0.3 Take it for a spin
Finally if all this works out you are ready to start a UML instance. Just run the following command, where you provide path to rootfs as the value against "ubda", and 256MiB as the RAM. DO NOT forget the "M" in 256M, else UML will try to boot with just to 256Bytes of RAM, and fail :). I usually provide 256MiB RAM, you can go as low as 100 or 50MiB.
./linux ubda=net_test.rootfs.20150203 mem=256M
You will see the VM booting, printing dmesg, bringing up the various kernel susbsystems. Finally when a promt to enter the password appears, enter root as the password. Play around with the tiny VM. When the fun ends, run "halt" to shutdown UML.
0.4 Attach GDB
It is fun to add breakpoints and view specific code in GDB. To do this, we have to first find the process id (PID) of the main UML process. Run the following command to find the UML pid. The output should show multiple PIDs
$ ps aux | grep ubda
0 t teja 27089 12160 2 80 0 - 17629 ptrace 16:52 pts/6 00:00:18 ./linux ubda=../rootfs_pool/net_test.rootfs.20150203 mem=50M
1 S teja 27094 27089 0 80 0 - 17629 read_e 16:52 pts/6 00:00:00 ./linux ubda=../rootfs_pool/net_test.rootfs.20150203 mem=50M
1 S teja 27095 27089 0 80 0 - 17629 poll_s 16:52 pts/6 00:00:00 ./linux ubda=../rootfs_pool/net_test.rootfs.20150203 mem=50M
1 S teja 27096 27089 0 80 0 - 17629 poll_s 16:52 pts/6 00:00:00 ./linux ubda=../rootfs_pool/net_test.rootfs.20150203 mem=50M
1 t teja 27097 27089 0 80 0 - 5206 ptrace 16:52 pts/6 00:00:00 ./linux ubda=../rootfs_pool/net_test.rootfs.20150203 mem=50M
1 t teja 27288 27089 0 80 0 - 5339 ptrace 16:52 pts/6 00:00:00 ./linux ubda=../rootfs_pool/net_test.rootfs.20150203 mem=50M
1 t teja 27352 27089 0 80 0 - 4990 ptrace 16:52 pts/6 00:00:00 ./linux ubda=../rootfs_pool/net_test.rootfs.20150203 mem=50M
1 t teja 27353 27089 0 80 0 - 5294 ptrace 16:52 pts/6 00:00:00 ./linux ubda=../rootfs_pool/net_test.rootfs.20150203 mem=50M
1 t teja 29405 27089 0 80 0 - 5003 ptrace 16:53 pts/6 00:00:00 ./linux ubda=../rootfs_pool/net_test.rootfs.20150203 mem=50M
1 t teja 29408 27089 0 80 0 - 5390 ptrace 16:53 pts/6 00:00:00 ./linux ubda=../rootfs_pool/net_test.rootfs.20150203 mem=50M
1 t teja 29410 27089 1 80 0 - 5717 ptrace 16:53 pts/6 00:00:08 ./linux ubda=../rootfs_pool/net_test.rootfs.20150203 mem=50M
0 S teja 30278 3682 0 80 0 - 5500 pipe_w 17:05 pts/1 00:00:00 grep --color=auto ubda
The third column is the process id and the fourth column is the parent PID. In the above output PID 27089 starts and then spawns the other threads. Attach gdb to the the main parent thread, which is 27089 in the above example.
sudo gdb -p 27089
GDB will read the symbols from linux and attach itself. Play around, check the backtrace, etc. All globals are now accessable.
0.5 A private UML subnet
In most cases we want to play around with two UMLs connected to each other and ignorant of the rest of the world.

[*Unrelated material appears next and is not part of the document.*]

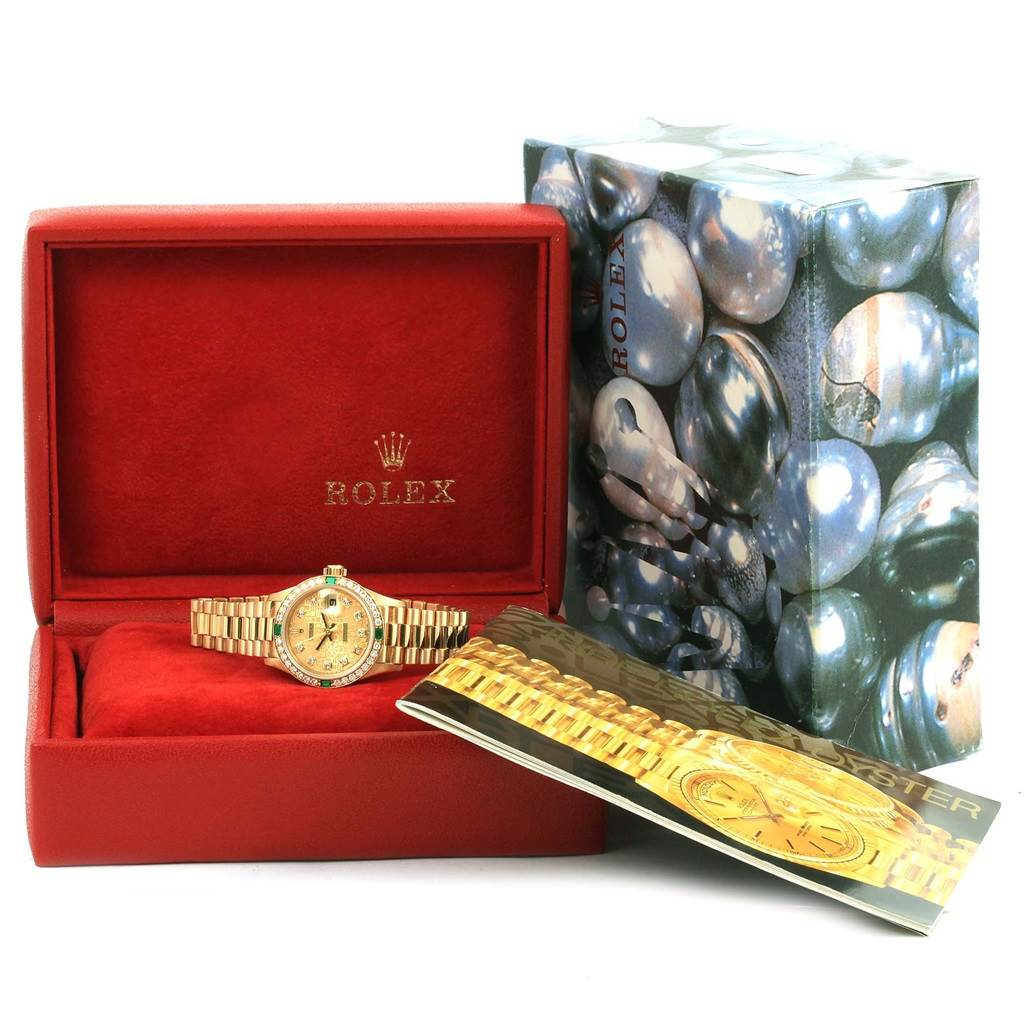The image shows a Rolex President 69078 Women's Yellow Gold Champagne Dial 69078 Women's Yellow Gold Champagne Dial model watch in its original box with packaging and a booklet.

In such cases, the simplest way is to connect them using the mcast transport. Make copies of the rootfs, for each UML instance. In this case have two copies ready, and run them with one additional argument "eth0". This will add an additional eth0 interface. We set eth0 to mcast. i.e. the eth0 interfaces in both the instances are connected over mcast.
./linux ubda=net_test.rootfs.20150203_1 mem=256M eth0=mcast
./linux ubda=net_test.rootfs.20150203_2 mem=256M eth0=mcast
Assign addresses to the eth0 interfaces, and they are ready. You try pinging the other UML. Command to assign address is:
ip address add 192.168.1.1/24 dev eth0
The full mcast readme is here. It contains details to create more complex mcast networks.
On assigning mcast to a eth device, each UML instance opens sockets which listen to multicast traffic. If a multicast address is not assigned (like above), all the instances listen to 239.192.168.1 . All packets are received and then filtered out based on destination MAC address. The packets can even be seen in packetdumps collected in the host OS. Quoting from the above readme, "It's basically like an ethernet where all machines have promiscuous mode turned on". Bad for performance, but very easy to setup.